How do images reflect politics? How can one learn to appreciate the ‘everyday’ as imbued with power? The oeuvre of Michael J. Shapiro has transcended—or rather—refused—the disciplinary boundaries that structure most inquiry to produce unsettling, difficult yet profoundly relevant and rich accounts of the world around us. Drawing on such diverse traditions as literary theory, sociology, and cultural studies, Shapiro, amongst others, discusses the political philosophy of International Relations; explains what we could learn from critical humanities and reflects on the way in which pictures are relevant texts for critical analysis.

Print version of this Talk (pdf)

What is, according to you, the biggest challenge / principal debate in current IR? What is your position or answer to this challenge / in this debate?

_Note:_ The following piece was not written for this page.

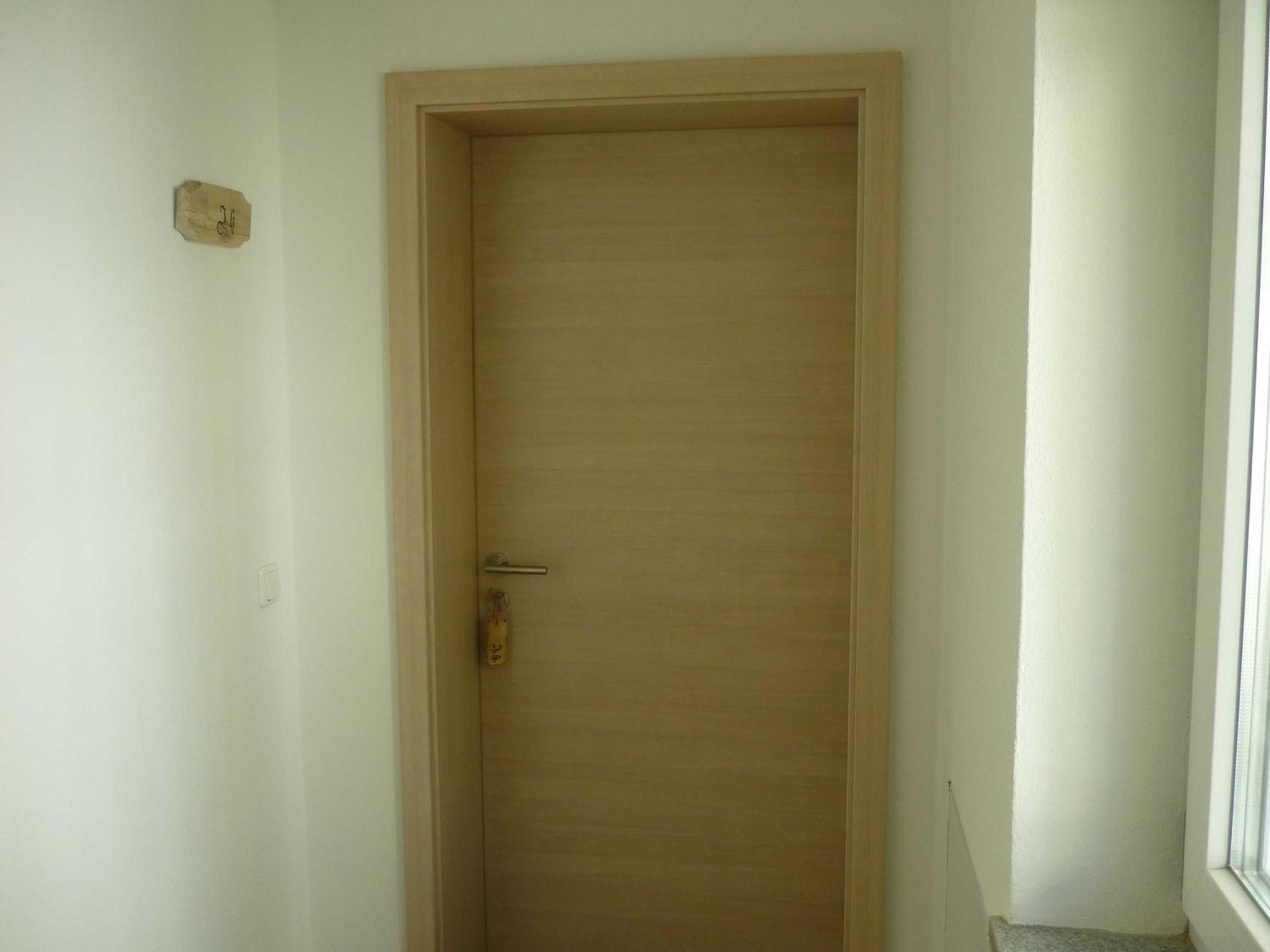 Ferienwohnungen Beim Hotel Zur Post, Erlau Erlau  Εξωτερικό φωτογραφία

The biggest challenge for contemporary IR is to wake up from its pre-Kantian slumber. Most of the discipline remains uncritical because it is predicated on an anemic, empiricist philosophy of social science which treats mere appearances. The Kantian/post Kantian innovation is to focus on the conditions of possibility for something to appear. More concretely, the dominant forms of realism and rationalism in the discipline tend to naturalize the geopolitical world of states and to allow an unreflective discourse on sovereignty to dominate the problematics that mainstream inquiry entertains. From critical perspectives, the discipline or IR is an object of analysis rather than a set of norms for creating and analyzing global phenomena. IR and empiricist social science in general is tied to appearances. If we follow the trajectory of post-Kantian critical thinking, our concerns become involved with the alternative ways in which the world is politically partitioned and note the economies of what is able to appear versus what is concealed. The experiences of slavery, forced migration, violent usurpation of indigenous territories, global trading in bodies and body parts all produce perspectives and voices that challenge security-minded and war-strategy focused versions of “international relations.” One critical question, then, is why the dominant sovereignty-predicated focus remains; the others involve recognizing and analyzing global exchanges that operate outside of or below the level of inter-state relations. My strategy? Forget IR.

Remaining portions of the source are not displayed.